_Brief descriptive captions:_
┄┄┄┄┄┄

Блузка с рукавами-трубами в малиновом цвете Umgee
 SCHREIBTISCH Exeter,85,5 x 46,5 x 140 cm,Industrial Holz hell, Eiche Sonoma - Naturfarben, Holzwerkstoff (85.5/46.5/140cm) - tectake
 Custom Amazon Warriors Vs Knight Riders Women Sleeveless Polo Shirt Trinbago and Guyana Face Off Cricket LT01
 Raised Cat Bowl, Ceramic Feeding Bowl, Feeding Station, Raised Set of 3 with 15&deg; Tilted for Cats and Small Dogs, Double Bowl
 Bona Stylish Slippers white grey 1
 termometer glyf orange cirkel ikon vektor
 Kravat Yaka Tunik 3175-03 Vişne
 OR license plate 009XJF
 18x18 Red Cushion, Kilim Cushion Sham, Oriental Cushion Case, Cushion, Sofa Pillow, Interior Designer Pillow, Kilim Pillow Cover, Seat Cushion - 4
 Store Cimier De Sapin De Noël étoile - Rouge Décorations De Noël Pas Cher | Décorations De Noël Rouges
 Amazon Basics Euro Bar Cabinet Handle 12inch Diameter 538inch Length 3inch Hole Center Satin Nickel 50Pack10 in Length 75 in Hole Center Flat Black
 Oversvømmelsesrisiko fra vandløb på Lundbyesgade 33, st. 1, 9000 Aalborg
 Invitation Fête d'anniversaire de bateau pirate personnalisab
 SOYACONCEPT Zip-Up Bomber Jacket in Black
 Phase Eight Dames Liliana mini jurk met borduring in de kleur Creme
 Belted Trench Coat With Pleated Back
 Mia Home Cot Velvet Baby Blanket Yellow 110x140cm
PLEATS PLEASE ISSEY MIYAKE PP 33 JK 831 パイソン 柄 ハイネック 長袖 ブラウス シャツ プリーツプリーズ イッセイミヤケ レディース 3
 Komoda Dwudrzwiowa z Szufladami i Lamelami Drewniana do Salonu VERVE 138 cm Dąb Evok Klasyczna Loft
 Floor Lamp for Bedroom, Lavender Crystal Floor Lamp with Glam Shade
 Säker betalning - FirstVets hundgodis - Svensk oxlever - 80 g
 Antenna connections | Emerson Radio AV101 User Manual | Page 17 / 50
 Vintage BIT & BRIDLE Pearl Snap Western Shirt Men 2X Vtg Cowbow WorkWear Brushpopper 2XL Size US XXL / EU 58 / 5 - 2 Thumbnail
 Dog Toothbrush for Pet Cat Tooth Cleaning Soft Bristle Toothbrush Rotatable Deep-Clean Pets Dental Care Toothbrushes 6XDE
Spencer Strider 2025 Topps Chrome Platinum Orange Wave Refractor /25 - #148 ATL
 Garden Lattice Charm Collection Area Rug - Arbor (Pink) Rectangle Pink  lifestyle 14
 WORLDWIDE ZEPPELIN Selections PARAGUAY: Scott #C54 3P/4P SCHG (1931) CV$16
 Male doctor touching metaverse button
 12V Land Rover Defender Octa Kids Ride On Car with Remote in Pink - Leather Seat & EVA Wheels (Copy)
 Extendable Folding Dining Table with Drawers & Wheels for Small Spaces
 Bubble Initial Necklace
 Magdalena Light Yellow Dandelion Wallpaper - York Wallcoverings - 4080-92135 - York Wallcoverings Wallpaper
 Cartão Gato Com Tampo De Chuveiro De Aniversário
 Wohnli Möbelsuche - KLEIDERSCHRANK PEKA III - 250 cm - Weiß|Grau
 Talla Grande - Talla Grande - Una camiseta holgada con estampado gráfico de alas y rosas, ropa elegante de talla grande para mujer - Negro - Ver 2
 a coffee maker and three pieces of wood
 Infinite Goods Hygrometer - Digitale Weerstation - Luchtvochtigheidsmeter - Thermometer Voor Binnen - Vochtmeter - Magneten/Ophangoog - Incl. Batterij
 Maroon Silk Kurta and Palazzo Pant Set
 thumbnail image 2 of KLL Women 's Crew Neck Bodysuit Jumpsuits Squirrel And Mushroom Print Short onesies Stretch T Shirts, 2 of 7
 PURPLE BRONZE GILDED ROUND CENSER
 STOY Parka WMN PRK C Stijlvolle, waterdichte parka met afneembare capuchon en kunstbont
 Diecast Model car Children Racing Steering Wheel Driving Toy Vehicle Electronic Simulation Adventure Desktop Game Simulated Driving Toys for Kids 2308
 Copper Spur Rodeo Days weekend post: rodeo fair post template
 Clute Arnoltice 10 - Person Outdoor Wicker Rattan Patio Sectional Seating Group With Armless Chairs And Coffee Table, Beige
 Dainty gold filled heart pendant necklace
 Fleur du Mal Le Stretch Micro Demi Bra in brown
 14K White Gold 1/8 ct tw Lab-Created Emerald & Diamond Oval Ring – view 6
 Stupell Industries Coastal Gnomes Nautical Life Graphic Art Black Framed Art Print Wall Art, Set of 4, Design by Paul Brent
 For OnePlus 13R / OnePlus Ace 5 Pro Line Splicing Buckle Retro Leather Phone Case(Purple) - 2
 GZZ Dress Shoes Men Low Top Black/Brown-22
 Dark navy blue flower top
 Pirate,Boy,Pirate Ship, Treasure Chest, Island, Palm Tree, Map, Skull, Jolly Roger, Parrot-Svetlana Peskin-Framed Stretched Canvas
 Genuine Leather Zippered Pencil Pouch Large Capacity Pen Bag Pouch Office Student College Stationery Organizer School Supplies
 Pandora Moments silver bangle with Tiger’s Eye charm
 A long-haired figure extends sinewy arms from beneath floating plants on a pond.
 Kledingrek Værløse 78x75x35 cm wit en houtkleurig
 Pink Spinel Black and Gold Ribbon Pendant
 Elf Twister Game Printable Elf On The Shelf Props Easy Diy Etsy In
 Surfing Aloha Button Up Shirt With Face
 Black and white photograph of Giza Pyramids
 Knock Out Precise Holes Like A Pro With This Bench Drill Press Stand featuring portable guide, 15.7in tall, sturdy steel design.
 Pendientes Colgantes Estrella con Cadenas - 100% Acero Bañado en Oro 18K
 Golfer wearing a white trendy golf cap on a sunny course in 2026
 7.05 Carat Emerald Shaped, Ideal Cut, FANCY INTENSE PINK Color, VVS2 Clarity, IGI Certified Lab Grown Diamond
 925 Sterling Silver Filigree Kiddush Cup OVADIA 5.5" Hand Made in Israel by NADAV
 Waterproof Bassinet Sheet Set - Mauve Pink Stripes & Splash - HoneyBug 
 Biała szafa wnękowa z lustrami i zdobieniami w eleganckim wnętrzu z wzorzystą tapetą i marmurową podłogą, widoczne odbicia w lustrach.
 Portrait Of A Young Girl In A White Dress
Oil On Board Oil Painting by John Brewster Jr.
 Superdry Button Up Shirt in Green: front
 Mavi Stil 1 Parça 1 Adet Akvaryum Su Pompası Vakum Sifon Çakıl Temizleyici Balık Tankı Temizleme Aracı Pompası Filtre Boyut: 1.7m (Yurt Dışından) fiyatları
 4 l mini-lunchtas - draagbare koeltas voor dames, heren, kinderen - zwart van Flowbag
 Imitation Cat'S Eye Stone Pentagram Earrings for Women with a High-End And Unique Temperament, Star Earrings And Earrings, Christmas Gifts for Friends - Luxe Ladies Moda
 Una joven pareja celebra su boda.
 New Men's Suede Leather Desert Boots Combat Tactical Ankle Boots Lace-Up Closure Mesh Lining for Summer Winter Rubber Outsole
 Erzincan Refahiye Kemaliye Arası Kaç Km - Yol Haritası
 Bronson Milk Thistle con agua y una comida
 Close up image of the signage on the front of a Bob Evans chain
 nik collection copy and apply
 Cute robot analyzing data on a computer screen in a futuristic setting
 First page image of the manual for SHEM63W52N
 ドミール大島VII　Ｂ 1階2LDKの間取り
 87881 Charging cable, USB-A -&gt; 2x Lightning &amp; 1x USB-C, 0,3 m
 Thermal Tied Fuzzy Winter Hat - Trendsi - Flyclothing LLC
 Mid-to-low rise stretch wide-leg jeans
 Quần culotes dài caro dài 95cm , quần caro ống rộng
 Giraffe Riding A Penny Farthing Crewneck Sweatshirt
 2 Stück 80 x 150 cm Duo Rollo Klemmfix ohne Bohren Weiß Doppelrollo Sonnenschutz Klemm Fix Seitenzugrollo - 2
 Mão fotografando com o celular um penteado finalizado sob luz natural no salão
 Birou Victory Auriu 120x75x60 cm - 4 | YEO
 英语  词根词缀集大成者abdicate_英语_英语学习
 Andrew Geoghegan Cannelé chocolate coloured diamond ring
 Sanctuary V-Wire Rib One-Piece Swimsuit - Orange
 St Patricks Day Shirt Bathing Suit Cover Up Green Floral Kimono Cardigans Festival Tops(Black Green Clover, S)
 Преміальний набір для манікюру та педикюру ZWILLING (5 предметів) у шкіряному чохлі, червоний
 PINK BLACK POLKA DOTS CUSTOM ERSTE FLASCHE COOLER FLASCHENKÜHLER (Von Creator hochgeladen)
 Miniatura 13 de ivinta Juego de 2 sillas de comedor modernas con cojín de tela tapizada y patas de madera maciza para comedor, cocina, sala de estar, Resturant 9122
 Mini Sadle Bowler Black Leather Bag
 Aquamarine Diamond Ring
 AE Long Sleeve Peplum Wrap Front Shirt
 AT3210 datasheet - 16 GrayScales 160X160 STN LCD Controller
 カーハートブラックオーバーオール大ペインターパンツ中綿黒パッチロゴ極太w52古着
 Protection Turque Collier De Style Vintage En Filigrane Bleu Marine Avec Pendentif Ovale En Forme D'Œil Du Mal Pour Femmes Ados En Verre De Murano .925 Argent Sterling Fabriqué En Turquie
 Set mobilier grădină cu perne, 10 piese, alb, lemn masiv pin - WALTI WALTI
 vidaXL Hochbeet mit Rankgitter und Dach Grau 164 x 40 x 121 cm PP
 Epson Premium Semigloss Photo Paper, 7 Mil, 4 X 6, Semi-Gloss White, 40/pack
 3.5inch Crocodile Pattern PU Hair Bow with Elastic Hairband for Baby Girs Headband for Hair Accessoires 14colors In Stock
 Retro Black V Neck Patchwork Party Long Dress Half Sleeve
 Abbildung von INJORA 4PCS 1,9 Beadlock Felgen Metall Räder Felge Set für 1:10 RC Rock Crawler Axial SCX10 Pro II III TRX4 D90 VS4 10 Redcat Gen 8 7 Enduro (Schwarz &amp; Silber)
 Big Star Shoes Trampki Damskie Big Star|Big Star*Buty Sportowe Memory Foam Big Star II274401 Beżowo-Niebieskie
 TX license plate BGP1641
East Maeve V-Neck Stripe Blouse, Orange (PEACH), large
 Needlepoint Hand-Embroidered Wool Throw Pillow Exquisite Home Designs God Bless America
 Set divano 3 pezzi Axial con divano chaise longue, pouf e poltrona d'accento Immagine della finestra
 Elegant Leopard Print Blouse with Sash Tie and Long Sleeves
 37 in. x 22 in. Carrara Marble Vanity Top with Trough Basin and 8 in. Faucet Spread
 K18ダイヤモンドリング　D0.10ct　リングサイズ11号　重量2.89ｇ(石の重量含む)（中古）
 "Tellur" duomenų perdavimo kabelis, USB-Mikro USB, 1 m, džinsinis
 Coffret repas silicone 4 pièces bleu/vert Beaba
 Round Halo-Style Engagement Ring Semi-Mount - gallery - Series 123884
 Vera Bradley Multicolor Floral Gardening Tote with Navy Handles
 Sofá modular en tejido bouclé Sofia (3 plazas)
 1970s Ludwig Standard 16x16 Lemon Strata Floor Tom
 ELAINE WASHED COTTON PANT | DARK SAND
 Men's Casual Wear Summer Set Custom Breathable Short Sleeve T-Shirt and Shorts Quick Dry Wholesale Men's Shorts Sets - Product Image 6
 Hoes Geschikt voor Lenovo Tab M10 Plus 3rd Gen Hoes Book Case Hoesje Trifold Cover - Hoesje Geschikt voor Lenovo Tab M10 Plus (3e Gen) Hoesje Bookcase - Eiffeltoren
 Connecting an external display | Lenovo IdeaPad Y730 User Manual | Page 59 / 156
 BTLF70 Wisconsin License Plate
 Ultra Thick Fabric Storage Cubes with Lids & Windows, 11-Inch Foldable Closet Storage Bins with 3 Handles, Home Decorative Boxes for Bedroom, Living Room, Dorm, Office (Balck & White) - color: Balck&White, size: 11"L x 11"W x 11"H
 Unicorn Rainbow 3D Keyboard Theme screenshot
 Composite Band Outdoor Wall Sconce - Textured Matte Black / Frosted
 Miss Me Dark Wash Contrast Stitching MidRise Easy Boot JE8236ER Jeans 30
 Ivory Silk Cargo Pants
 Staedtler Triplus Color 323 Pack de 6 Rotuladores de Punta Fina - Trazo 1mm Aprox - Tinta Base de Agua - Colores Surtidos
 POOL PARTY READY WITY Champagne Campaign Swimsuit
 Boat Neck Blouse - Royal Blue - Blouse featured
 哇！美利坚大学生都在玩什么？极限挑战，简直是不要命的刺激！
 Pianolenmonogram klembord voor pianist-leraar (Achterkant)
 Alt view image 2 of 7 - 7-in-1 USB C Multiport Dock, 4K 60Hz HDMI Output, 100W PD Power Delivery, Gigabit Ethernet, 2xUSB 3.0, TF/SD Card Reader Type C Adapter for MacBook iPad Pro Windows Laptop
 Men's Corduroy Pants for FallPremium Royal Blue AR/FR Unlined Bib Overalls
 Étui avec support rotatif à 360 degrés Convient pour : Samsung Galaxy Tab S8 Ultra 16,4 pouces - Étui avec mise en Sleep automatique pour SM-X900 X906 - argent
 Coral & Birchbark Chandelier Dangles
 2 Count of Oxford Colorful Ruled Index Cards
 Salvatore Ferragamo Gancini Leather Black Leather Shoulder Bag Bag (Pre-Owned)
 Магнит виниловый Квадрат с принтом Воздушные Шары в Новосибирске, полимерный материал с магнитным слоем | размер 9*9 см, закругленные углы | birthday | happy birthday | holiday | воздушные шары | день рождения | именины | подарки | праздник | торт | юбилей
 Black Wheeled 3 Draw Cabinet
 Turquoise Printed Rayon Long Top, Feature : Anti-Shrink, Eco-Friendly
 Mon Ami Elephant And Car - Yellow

┄┄┄┄┄┄

Within the data above, the lines from the one with "Dainty gold filled heart pendant necklace" to the one with "Dark navy blue flower top" must be repeated exactly; no other line belongs in the answer.

 Dainty gold filled heart pendant necklace
 Fleur du Mal Le Stretch Micro Demi Bra in brown
 14K White Gold 1/8 ct tw Lab-Created Emerald & Diamond Oval Ring – view 6
 Stupell Industries Coastal Gnomes Nautical Life Graphic Art Black Framed Art Print Wall Art, Set of 4, Design by Paul Brent
 For OnePlus 13R / OnePlus Ace 5 Pro Line Splicing Buckle Retro Leather Phone Case(Purple) - 2
 GZZ Dress Shoes Men Low Top Black/Brown-22
 Dark navy blue flower top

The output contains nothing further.